Recently, I witnessed about a dozen 12-year-olds poking at what appeared to be a small animal on the ground with large boards and sticks, about three or four doors down from my front yard. The kids were screaming and laughing about whatever the animal was doing in response to their poking him. I went down and asked them to stop it, thinking I might be able to protect whatever small animal it was. To my shock, it was a beautiful tropical lizard, rather large, who was reacting to the prodding by thrashing about. The kids yelled, “It has no head, it has no head!” and sure enough, something had happened to this poor creature and the head was absent. Nonetheless, the body was still quite active. No one knew where the head was or what had happened to this animal; one of the boys said it had been there the day before.

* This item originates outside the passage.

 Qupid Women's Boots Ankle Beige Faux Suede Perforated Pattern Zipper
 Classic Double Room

What To Do With a Headless Lizard
I quickly went home, put on gloves, and brought a cardboard box down and removed the remains of the lizard to the box. This stopped the squeals of the kids (although my grandson said it would be all over school the next day, this tale of the living headless lizard). The lizard’s body remained still and whatever life remained in it quietly ebbed away.
I immediately called our local wildlife rescue, whose emergency number I keep in my contact list. I think the woman answered thought I was deranged, because she told me to call reptile experts to see if lizards can live without a head. My questions was more along the lines of stopping any immediate suffering, although without a head, I wasn’t sure what would receive any pain sensations. But that lizard’s body had some fight in it when I approached the scene, and the children had witnessed it.

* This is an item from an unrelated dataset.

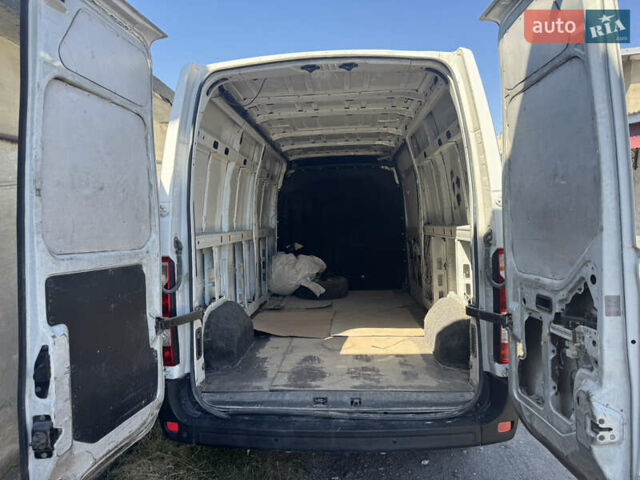 Білий Рено Мастєр, об'ємом двигуна 2.3 л та пробігом 480 тис. км за 10500 $, фото 1 на Automoto.ua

I felt sick after witnessing the kids’ giddiness in dealing with the injured body of the lizard. One girl was trying to kick the lizard to the grass at the side of the walk. I know she meant well, but it seemed so disrespectful to this once beautiful animal. I asked her, “Would you want someone kicking your body aside if you were the one injured?” The truth is, no one knew what the kindest thing would be; not one of us ever had to deal with a beheaded body before. I rather hope this is not something that will ever occur again, either.

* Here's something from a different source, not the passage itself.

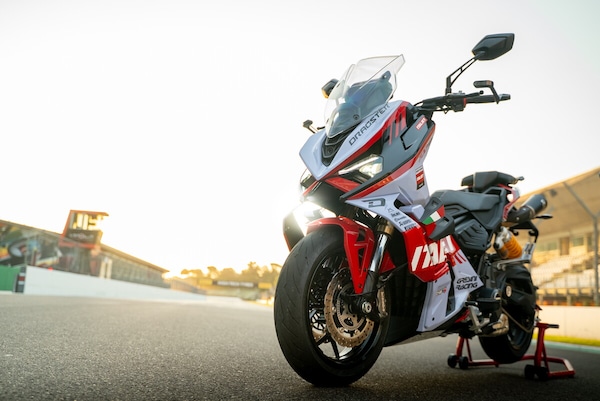 Italjet Dragster 700 Twin Limited Edition Team Gresini: le foto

Becoming the Crazy Lizard Lady
I think I have now become the Crazy Lizard Lady of the neighborhood. My grandson quipped that if you want to rescue animals, this is what you get — sometimes, the animal is a headless lizard that no one quite knows how to help. The lizard posed no threat to anyone; with no head, he was unable to bite, or fight, or get away. But the pathos of what seemed to be a living body detached from a thinking head was frightening to the children, and they reacted by screaming and inquisitively investigating the body’s response to stimuli. The lizard’s body never moved once he was peacefully put into the box but I admit I found the whole ordeal unsettling. It triggered the helplessness one often feels in combatting the human supremacy and speciesism that reduces life to death to commodification.
This large lizard appeared to be an exotic breed, not a local animal. The exotic pet trade results in unnecessary deaths for millions of animals. In fact, right here in the DFW area, the nation’s largest rescue of exotic animals took place two years or so ago, from reptiles to mammals to insects to birds. Over 26,000 animals were confiscated, and some 500 different species of animals were involved. With the help of local rescue workers and the SPCA of Texas, 22,000 animals survived the move and subsequent care. How very tragic to see a beautiful member of a species of lizard reduced to a frightening spectacle on the sidewalk, far from what may have been his or her native home. And how sad for these children to be so unaware of the plight of these animals even as they are being divested of an opportunity to appreciate them. This strange experience left me in despair, both for the individual animal and his wasted opportunity for life, as well as for the children that will inherit this shrinking world of wildlife and biodiversity. We were all left wondering who or what claimed the head of that lizard, what his story was, and how he came to be on the sidewalk on the route home from public school. The headless body seemed to epitomize the daily disasters we in the animal rights movement find all too familiar, a physical embodiment of human detachment from the natural world that results in tragedy, every minute of every day.